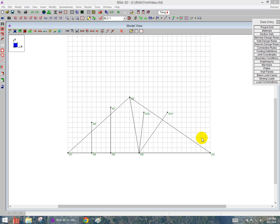In this video, I'd like to demonstrate the Trim and Extend tool. We see here this model is a truss, and it's a very good example of when you might want to use this tool.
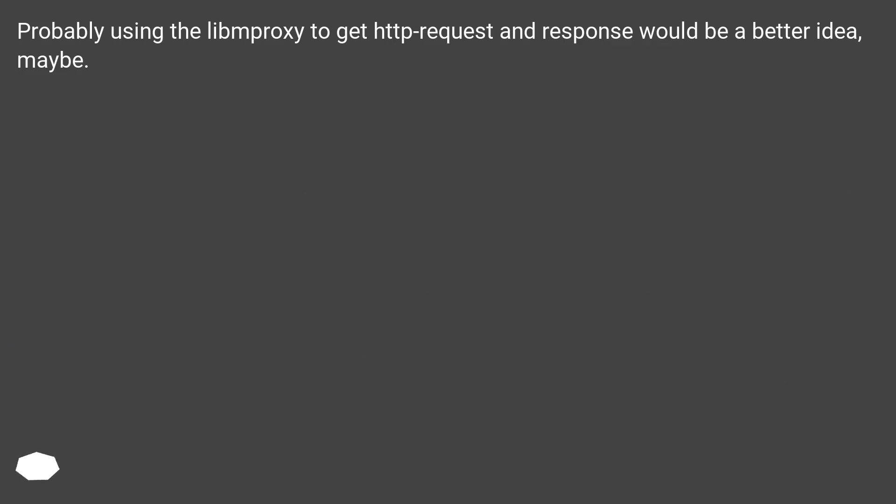Probably using the libproxy to get HTTP request and response would be a better idea, maybe.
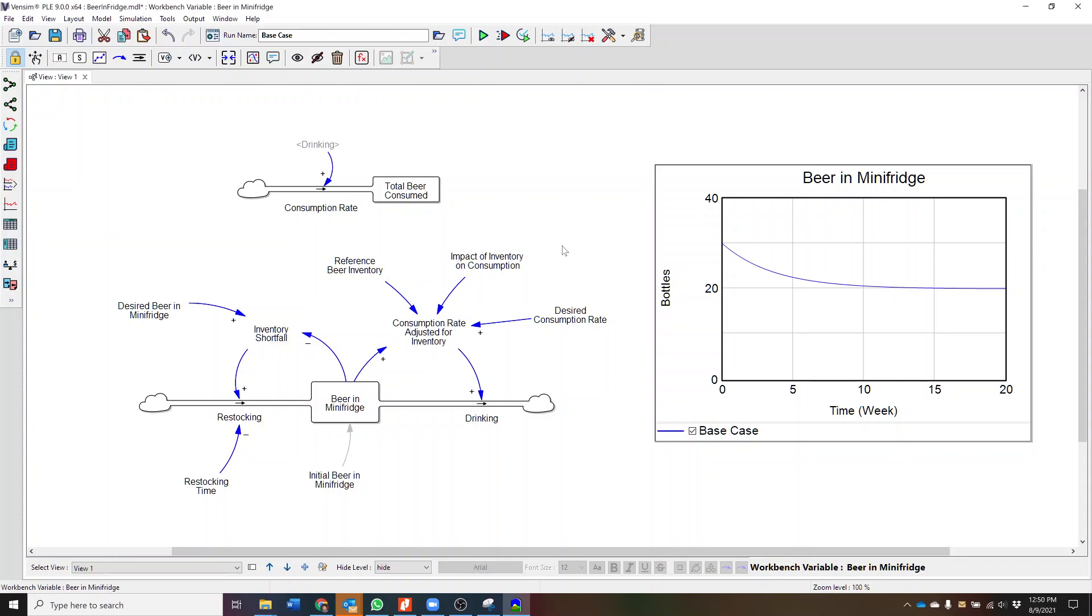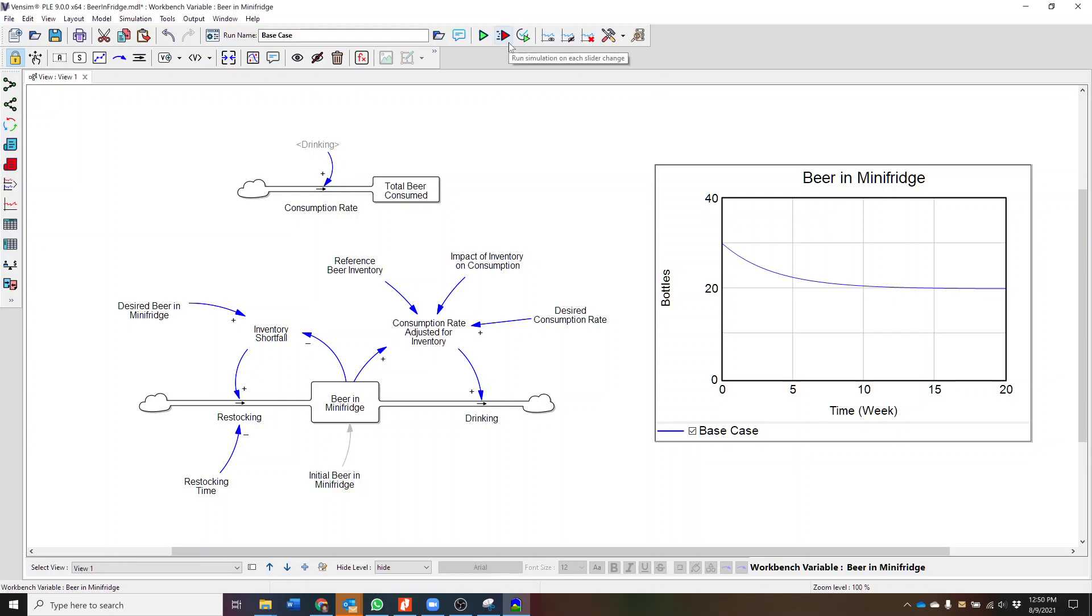Another way that we can interact with and explore our model is via the Synthesim tool. As of version 9 of Vensim, this tool has been partially renamed and now exists under this red button and is labeled Run Simulation on each slider change. This is functionally equivalent to Synthesim in prior versions of Vensim.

*Exercise description:*
From the line containing "Probably using the" to the last line of the material, every line is to be reproduced exactly. No picture belongs in the copy.

*Finished exercise:*
Probably using the libproxy to get HTTP request and response would be a better idea, maybe.
Another way that we can interact with and explore our model is via the Synthesim tool. As of version 9 of Vensim, this tool has been partially renamed and now exists under this red button and is labeled Run Simulation on each slider change. This is functionally equivalent to Synthesim in prior versions of Vensim.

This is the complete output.